Closed eflumerf closed 2 years ago
Comment by @bieryAtFnal on 2019-08-07 21:38:14
I believe that this is related to running with Autodetect or Shmem transfer mode.
Shmem_transfer gets its default value of the number of buffers to use from the TransferInterface base class. And, that default value is 10.
So, in a mediumsystem_with_routing_master test run with EB buffers set to 20, when an EB is killed, component01 thinks that there are 20 buffers available in each of the EBs (including the one that was killed). So, it dutifully tries to send 20. But, once the EB dies, there may have been 20 buffers inside that EB, but the Shmem_transfer that the BoardReader is using to interface with it only has 10 buffers. So, the attempt to send the 11th event after the crash hangs forever.

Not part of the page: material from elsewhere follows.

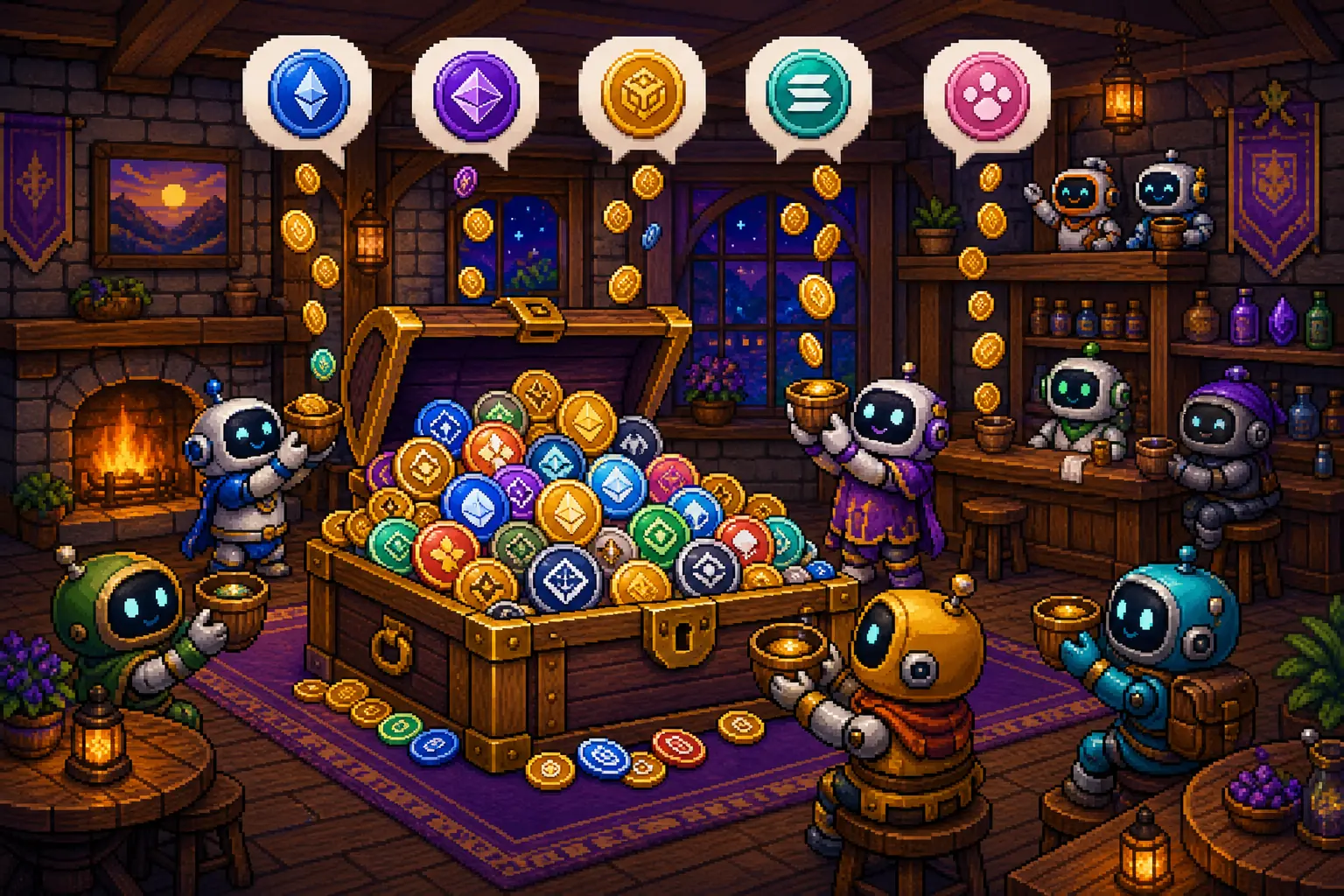 Pixel art of a treasure chest overflowing with coins in a cozy chatroom where coins rain from speech bubbles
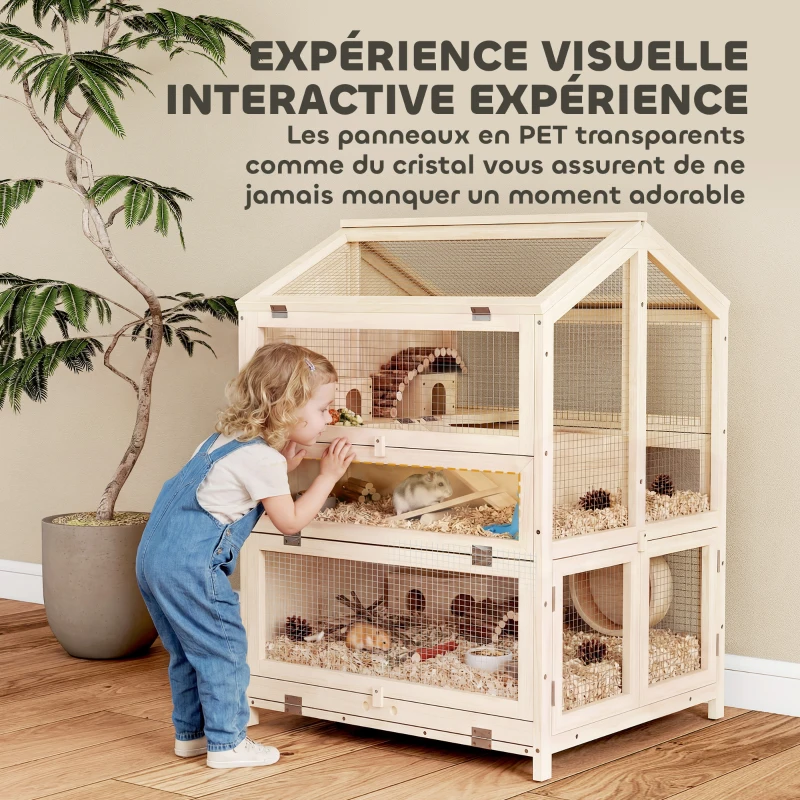 PawHut Cage Hamster 3 Étages en Bois avec Bac Amovible, Couvercle Ouvrant, Bascule, Cabane, Fenêtre, 68x61,5x90cm, Naturel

It seems like Shmem_transfer either needs to know about the health of the reading process or maybe have a timeout on the write.
This issue may be related to a different one (that I've been trying to document for some time) in which an EventBuilder that is receiving fragments via the Shmem_transfer can't be restarted. I haven't filed that Issue yet, and I will at some point. In the meantime, there are hints of that problem in the tests that I describe on 01-Aug in Redmine Issue 21621.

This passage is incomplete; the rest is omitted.